Granola raises $125M Series C at $1.5B valuation to become the enterprise context layer for AI agents
Mar 30, 2026 with Sam Stephenson
Key Points
- Granola raises $125M Series C at $1.5B valuation, positioning meeting transcripts as a live context layer for enterprise AI agents across organisations.
- Growth remains almost entirely word-of-mouth as individual users adopt the tool organically, with Granola now building team features to accelerate wall-to-wall company penetration.
- The company offers configurable data retention controls ranging from permanent records to 24-hour auto-deletion, acknowledging that raw transcripts create litigation discovery risk outweighing utility for some customers.
Summary
Granola, the AI meeting notes tool, closed a $125M Series C at a $1.5B valuation, and CEO Sam used the occasion to articulate a broader ambition: turning meeting transcripts into a live context layer that feeds AI agents across an organisation.
The core product insight is straightforward. Transcripts are a more accurate, lower-effort record of what's actually happening inside a company than any Notion doc or Google doc that requires someone to sit down and write it. Sam says querying Granola to get a pulse on any project or team has become a default internal habit — and the appeal is precisely that it requires no deliberate documentation effort from employees.
Enterprise diffusion
Growth is still almost entirely word-of-mouth. A single user finds it, loves it, and spreads it through the organisation. Granola is building team-facing features designed to accelerate that flywheel — creating a structural reason to go wall-to-wall across a company and pool transcript context — but the organic motion is doing most of the work for now.

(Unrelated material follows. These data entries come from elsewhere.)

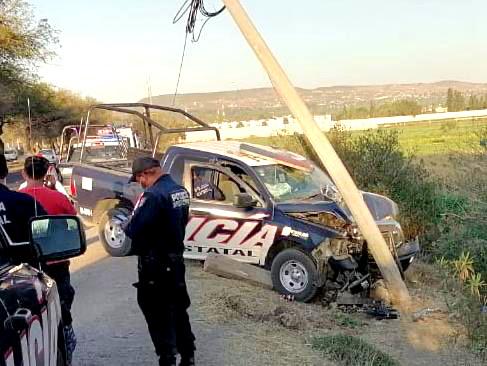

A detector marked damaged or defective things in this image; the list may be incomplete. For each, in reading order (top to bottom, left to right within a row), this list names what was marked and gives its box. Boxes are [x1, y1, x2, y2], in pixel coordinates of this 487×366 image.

crashed police pickup truck [67, 102, 420, 300]
crumpled hood [276, 190, 398, 222]
crashed police pickup truck [0, 216, 86, 364]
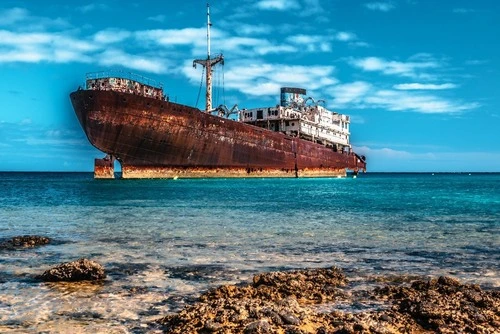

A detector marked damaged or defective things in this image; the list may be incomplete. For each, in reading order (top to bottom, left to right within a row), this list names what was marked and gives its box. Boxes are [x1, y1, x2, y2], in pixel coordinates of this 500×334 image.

rusty shipwreck [68, 3, 366, 179]
corroded hull [70, 88, 366, 177]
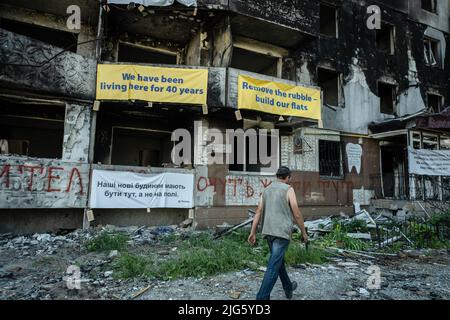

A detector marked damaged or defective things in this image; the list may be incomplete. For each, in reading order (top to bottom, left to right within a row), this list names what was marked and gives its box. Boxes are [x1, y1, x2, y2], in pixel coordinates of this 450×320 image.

broken window [0, 18, 78, 52]
broken window [118, 42, 178, 65]
broken window [230, 47, 280, 77]
broken window [320, 3, 338, 38]
broken window [376, 22, 394, 54]
broken window [0, 102, 65, 158]
broken window [111, 127, 174, 168]
burnt facade [0, 0, 450, 235]
broken window [316, 68, 342, 107]
broken window [318, 141, 342, 179]
broken window [378, 82, 396, 114]
broken window [426, 92, 442, 112]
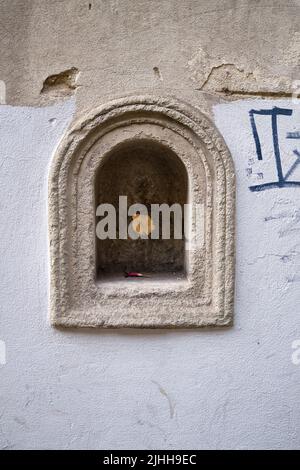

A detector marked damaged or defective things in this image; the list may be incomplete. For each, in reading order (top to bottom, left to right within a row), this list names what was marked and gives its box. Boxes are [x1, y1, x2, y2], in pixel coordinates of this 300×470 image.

peeling plaster patch [40, 67, 79, 97]
peeling plaster patch [188, 46, 296, 98]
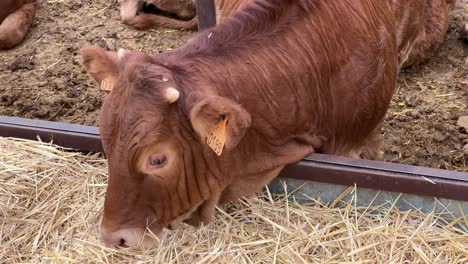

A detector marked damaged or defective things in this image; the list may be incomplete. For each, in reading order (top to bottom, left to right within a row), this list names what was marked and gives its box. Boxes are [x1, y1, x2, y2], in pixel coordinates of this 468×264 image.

rusty metal bar [196, 0, 218, 30]
rusty metal bar [0, 115, 468, 200]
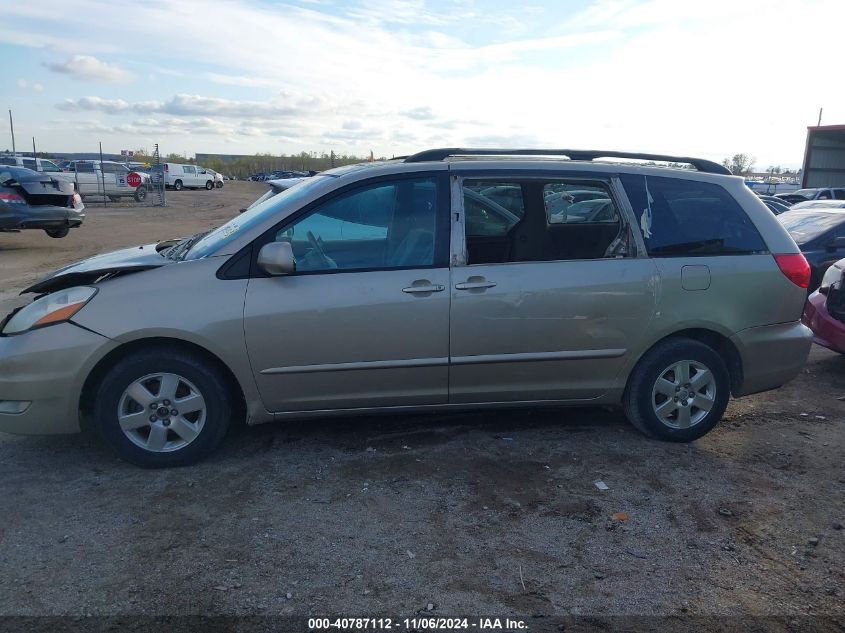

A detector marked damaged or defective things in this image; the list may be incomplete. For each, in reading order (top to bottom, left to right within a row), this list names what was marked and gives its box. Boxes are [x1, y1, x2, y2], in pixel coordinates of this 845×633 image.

crumpled hood [22, 242, 171, 294]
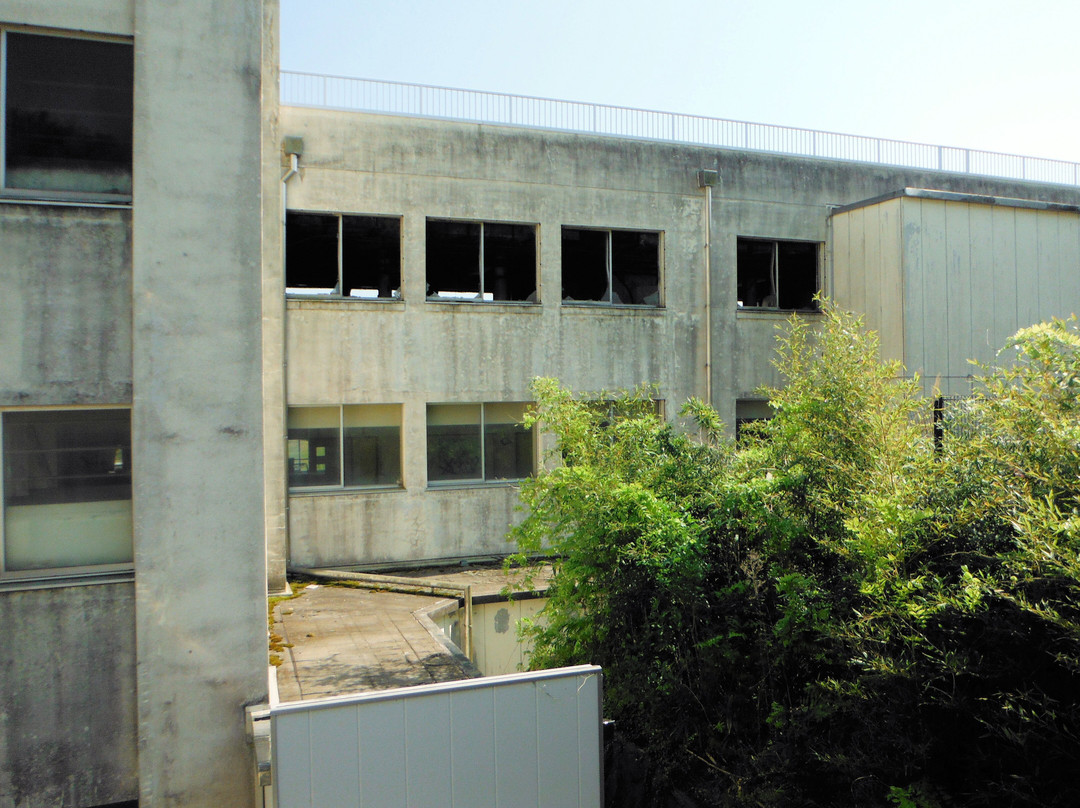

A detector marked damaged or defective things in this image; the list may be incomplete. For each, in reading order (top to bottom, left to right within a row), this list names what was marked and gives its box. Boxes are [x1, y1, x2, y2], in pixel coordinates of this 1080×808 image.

damaged window frame [1, 28, 135, 200]
broken window [3, 32, 133, 197]
broken window [286, 211, 400, 300]
damaged window frame [284, 213, 402, 302]
damaged window frame [424, 218, 536, 304]
broken window [426, 219, 536, 302]
broken window [560, 229, 664, 308]
damaged window frame [560, 227, 664, 310]
broken window [736, 238, 820, 310]
damaged window frame [740, 237, 824, 312]
broken window [2, 408, 133, 572]
damaged window frame [284, 404, 402, 492]
broken window [286, 408, 400, 490]
broken window [428, 400, 532, 482]
damaged window frame [426, 404, 536, 486]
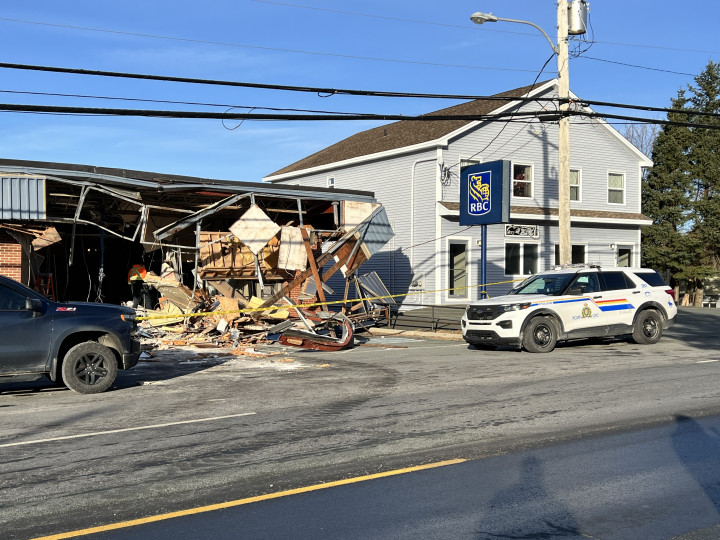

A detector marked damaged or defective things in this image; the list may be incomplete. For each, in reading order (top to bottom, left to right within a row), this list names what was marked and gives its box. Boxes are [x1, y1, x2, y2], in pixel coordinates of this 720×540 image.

damaged storefront [0, 158, 394, 348]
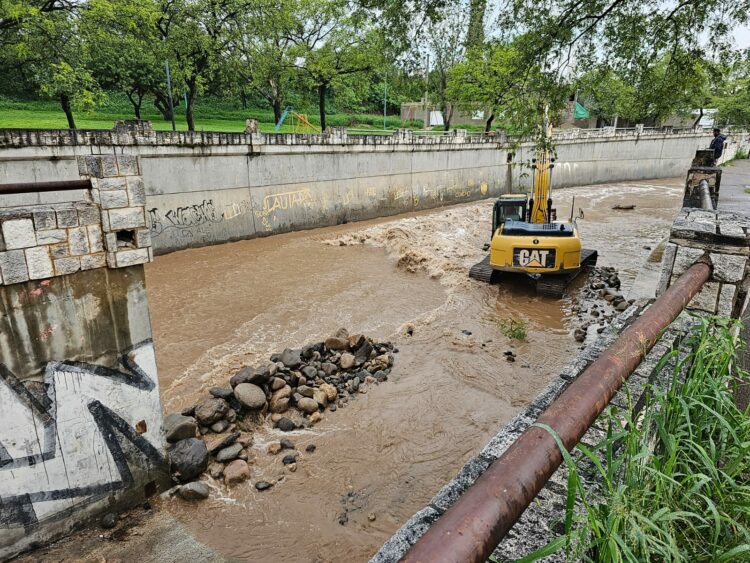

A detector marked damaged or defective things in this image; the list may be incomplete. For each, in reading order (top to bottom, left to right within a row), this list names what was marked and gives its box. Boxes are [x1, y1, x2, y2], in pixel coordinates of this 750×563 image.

rusty pipe [700, 180, 716, 210]
rusty pipe [402, 262, 712, 563]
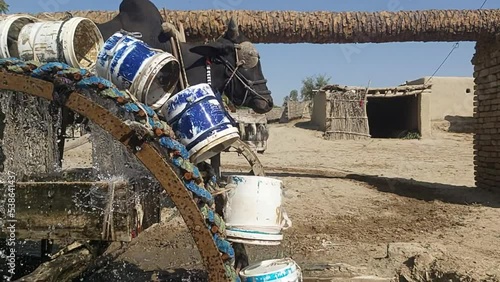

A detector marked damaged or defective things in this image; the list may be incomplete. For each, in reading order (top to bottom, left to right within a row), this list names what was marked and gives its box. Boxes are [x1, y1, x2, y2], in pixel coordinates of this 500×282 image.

rusty metal bracket [0, 71, 229, 282]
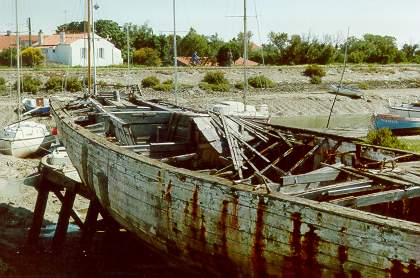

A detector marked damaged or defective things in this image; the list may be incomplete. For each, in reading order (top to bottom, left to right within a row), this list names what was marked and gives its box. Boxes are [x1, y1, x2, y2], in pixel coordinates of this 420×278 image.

wrecked wooden boat [50, 90, 420, 276]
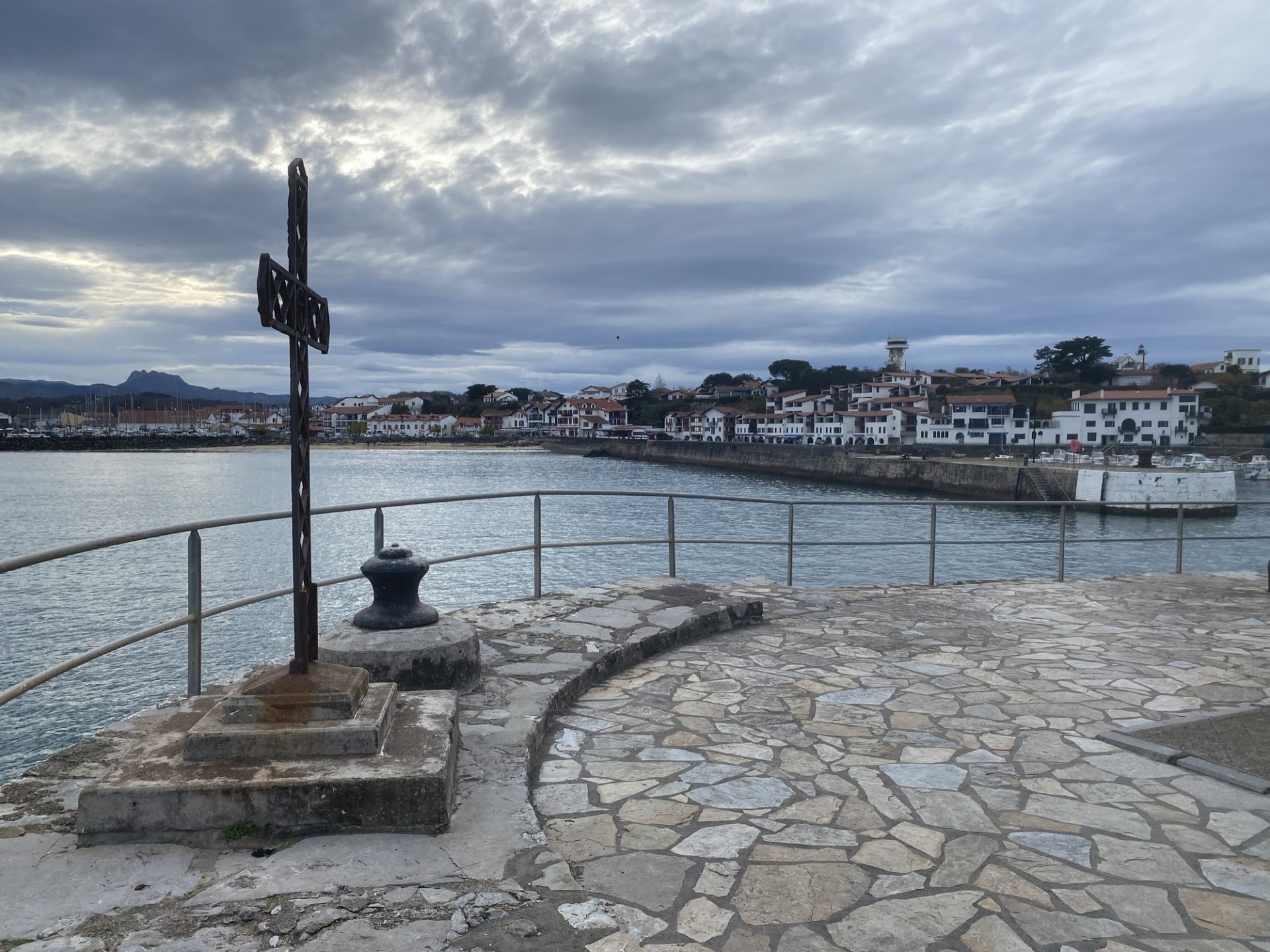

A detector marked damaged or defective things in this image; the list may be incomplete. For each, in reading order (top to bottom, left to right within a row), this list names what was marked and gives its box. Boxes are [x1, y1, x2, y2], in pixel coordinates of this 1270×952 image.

rusty metal cross [254, 159, 330, 680]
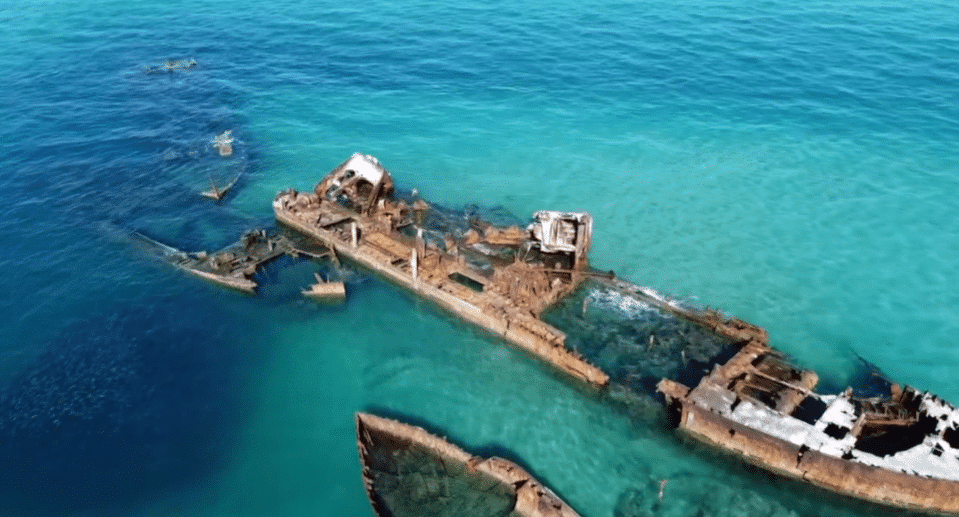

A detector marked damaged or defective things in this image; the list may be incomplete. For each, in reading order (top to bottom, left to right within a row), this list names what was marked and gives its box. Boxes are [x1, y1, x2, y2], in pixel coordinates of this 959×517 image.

rusted shipwreck [274, 152, 959, 512]
corroded metal hull [352, 412, 576, 516]
rusted shipwreck [354, 412, 576, 516]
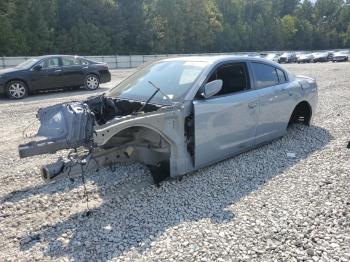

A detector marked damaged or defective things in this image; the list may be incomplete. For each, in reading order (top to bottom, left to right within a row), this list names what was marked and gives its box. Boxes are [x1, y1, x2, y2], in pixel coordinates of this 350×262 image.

crashed front end [18, 95, 191, 183]
damaged sedan [19, 56, 320, 184]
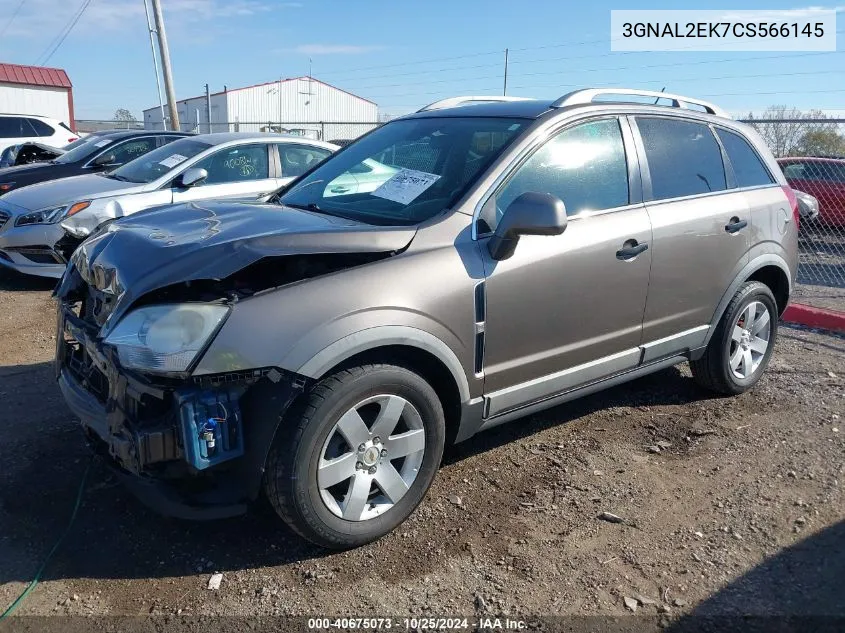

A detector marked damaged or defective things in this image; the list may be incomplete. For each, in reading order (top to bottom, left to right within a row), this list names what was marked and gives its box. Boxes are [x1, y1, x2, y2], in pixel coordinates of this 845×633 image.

broken headlight [15, 201, 90, 226]
crumpled hood [0, 173, 141, 212]
broken headlight [104, 304, 229, 372]
crumpled hood [56, 200, 416, 334]
damaged gray suv [56, 89, 796, 548]
detached bumper piece [53, 302, 296, 520]
front bumper damage [59, 296, 310, 520]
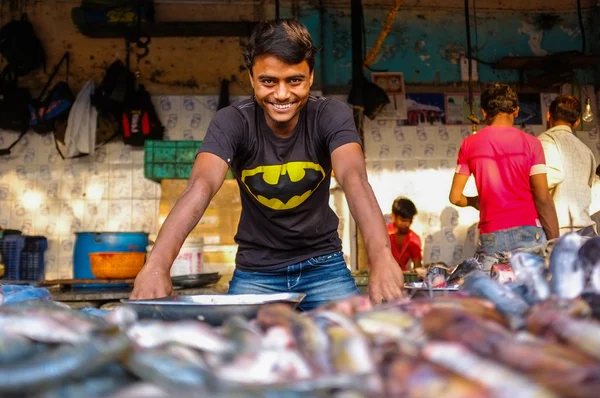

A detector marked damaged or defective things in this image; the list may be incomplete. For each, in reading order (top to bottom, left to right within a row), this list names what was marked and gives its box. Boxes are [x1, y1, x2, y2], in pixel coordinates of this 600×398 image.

peeling paint [516, 21, 548, 56]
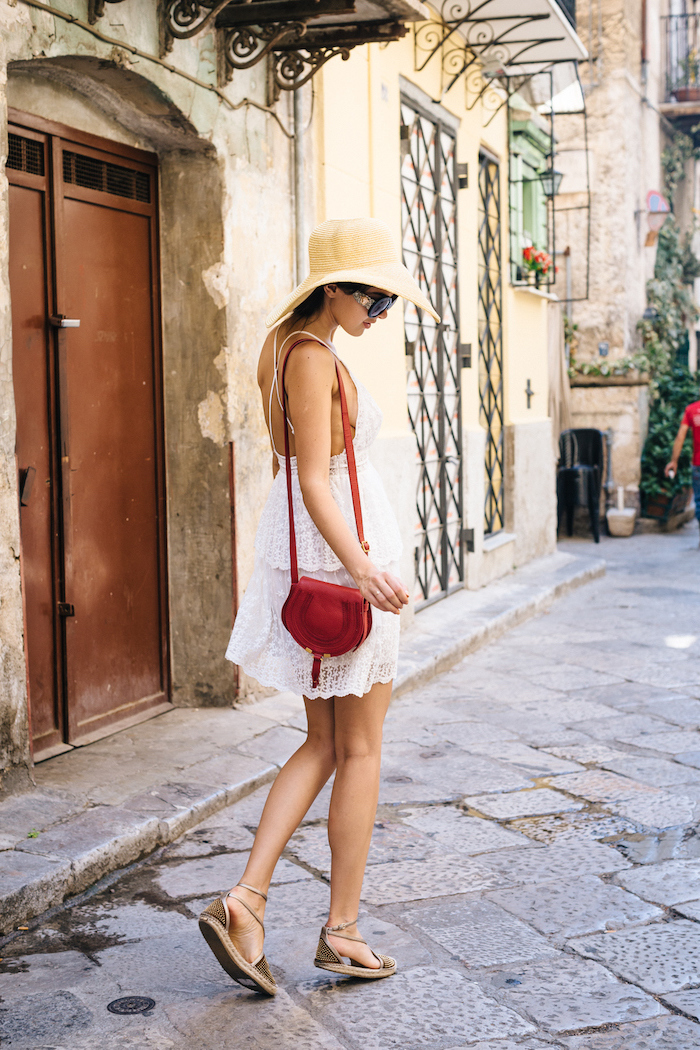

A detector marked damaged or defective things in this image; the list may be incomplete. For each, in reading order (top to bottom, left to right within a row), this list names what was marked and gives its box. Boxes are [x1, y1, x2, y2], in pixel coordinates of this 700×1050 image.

peeling plaster wall [0, 2, 296, 776]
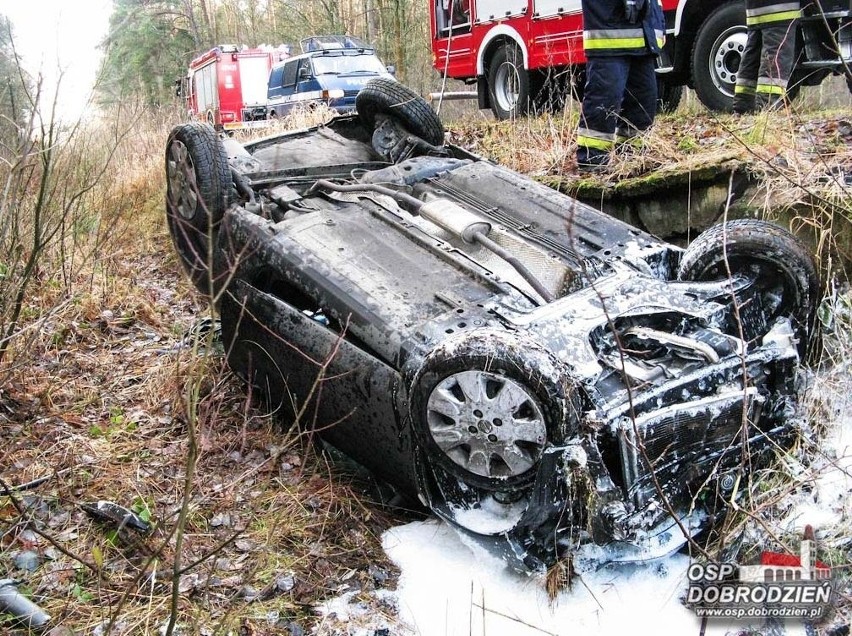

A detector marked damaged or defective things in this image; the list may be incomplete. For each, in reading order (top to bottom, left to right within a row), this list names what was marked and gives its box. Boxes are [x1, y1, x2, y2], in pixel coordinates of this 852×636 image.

burnt vehicle [165, 78, 820, 572]
overturned car [165, 79, 820, 572]
damaged vehicle [163, 79, 824, 572]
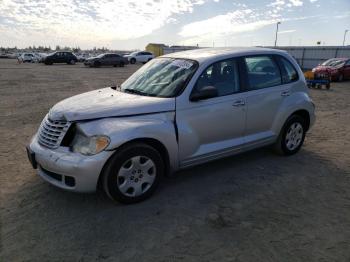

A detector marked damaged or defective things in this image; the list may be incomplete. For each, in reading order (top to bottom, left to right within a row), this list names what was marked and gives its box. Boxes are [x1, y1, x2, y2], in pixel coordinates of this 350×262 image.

The end-of-year "Granola Crunch" campaign, a Spotify Wrapped-style report generated from a user's full year of meeting transcripts, illustrated how much signal the product accumulates. It surfaced things like a user's most-used catchphrase and their "partner in crime" at work. Sam says many users found it uncomfortably accurate and hesitated to share it with colleagues — which is both the product's value proposition and its liability.
Data retention and legal risk
The legal exposure question is real. Discovery risk in litigation means some companies want no long-lived transcripts at all. Granola has built retention controls to accommodate both ends of the spectrum: companies that want everything on record and those that want transcripts to self-destruct after 24 hours, leaving only the summarised notes behind. Sam says a healthy level of abstraction is good for everyone — a candid acknowledgment that raw, verbatim records of every internal meeting create risk that outweighs the utility for some customers.
Brand positioning
The name, colours, and organic visual textures are all deliberate. When Granola launched, AI notetakers already existed, but people hated them — nobody wanted to write raw, messy thoughts into a corporate-feeling tool. The brand is designed to signal that Granola is the user's personal space, not the company's surveillance infrastructure. That distinction matters for adoption: the product spreads person-to-person precisely because individuals feel ownership over it.